Real Estate Taxes Paid by Home Owners
NAHB research consistently shows that property tax rates differ substantially across the United States, with the southern states typically registering some of the lowest rates, with the exception of Texas. Additionally, states in the Northeast and Midwest have tended to register some of the highest rates in the nation. The latest American Community Survey (ACS) data show that 2017 is no different.
Once again, New Jersey leads the nation with the highest average annual real estate tax (RET) bill of $8,485—$7,807 more than the average bill in Alabama ($684). The difference between the highest-taxed state (New Jersey) and lowest (Alabama) grew by $100 in 2017.
The overall distribution remained roughly unchanged since 2016, and the order of the top five and composition of the top ten remained the same. Figure 1 illustrates the concentration of high average property tax bills in the Northeast. In contrast, with the exception of Texas, southern states boast some of the lowest RET bills for their resident homeowners.
As property values vary widely by state, controlling for this variable produces a more instructive state-by-state comparison—effective property tax rates. In keeping with prior analyses, NAHB calculates this by dividing aggregate real estate taxes paid by the aggregate value of owner-occupied housing units within a state. The effective tax rate can be expressed either as a percentage of home value or as a dollar amount levied per $1,000 of this value.
Figure 2 shows that New Jersey has the dubious distinction of imposing the highest effective property tax rate—2.13% or $21.34 per $1,000 of home value. Hawaii levies the lowest effective rate in the nation—0.30%, or $3.03 per $1,000 of value. However, this low rate combined with extremely high home values results in middle-of-the-pack per-homeowner property tax bills. At $692,938, the average home value in Hawaii is the highest in the country and 50 percent higher than New York’s average home value ($460,075).

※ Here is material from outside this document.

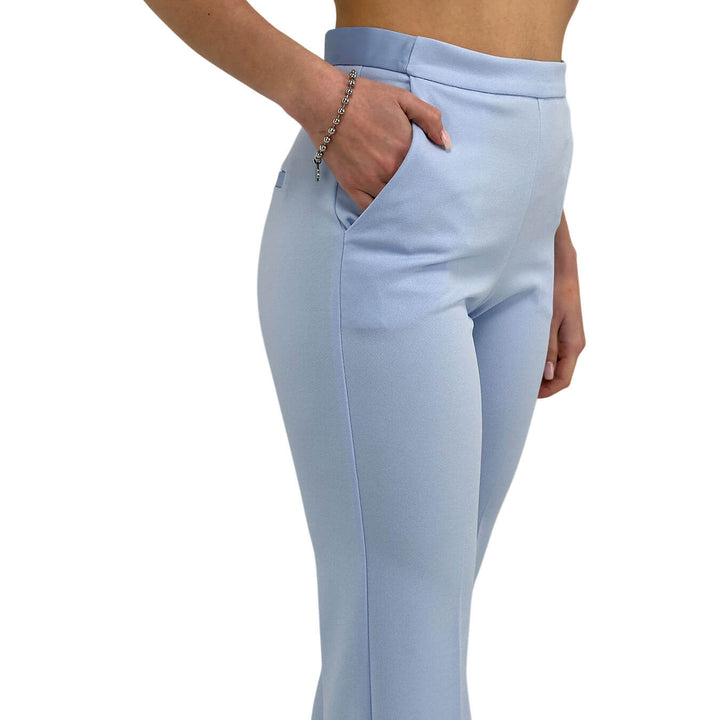 Imperial Pantaloni Donna, Modello Palazzo, Svasato, Celeste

Table 1 (available under “Additional Resources”) shows the average property tax bill for owner-occupied homes in each state.
Interstate differences among home values explain some, but not all, of the variance in real estate tax bills across the country. Texas is an illustrative example of a state in which home values hardly, if at all, explain real estate tax bills faced by homeowners. While Texas ranks only 30th in the country for average home values, it is 11th in average real estate taxes paid. Other factors are clearly at play, and state and local government financing turns out to be a major one.
Table 2 (available under “Additional Resources”) shows the average effective property tax rate for owner-occupied homes in each state.
Role of Property Taxes in Government Budgets
The Quarterly Summary of State & Local Tax Revenue provides information on which types of taxes are levied in each state and how much is collected. The tables split tax revenue into five categories (property, sales and gross receipts, license, income, and other taxes) and 24 subcategories. Information from the Annual Surveys of State and Local Government Finances supplement the quarterly tax data by providing data for these categories at the local level, separating revenue by source, and adding expenditure figures for each state.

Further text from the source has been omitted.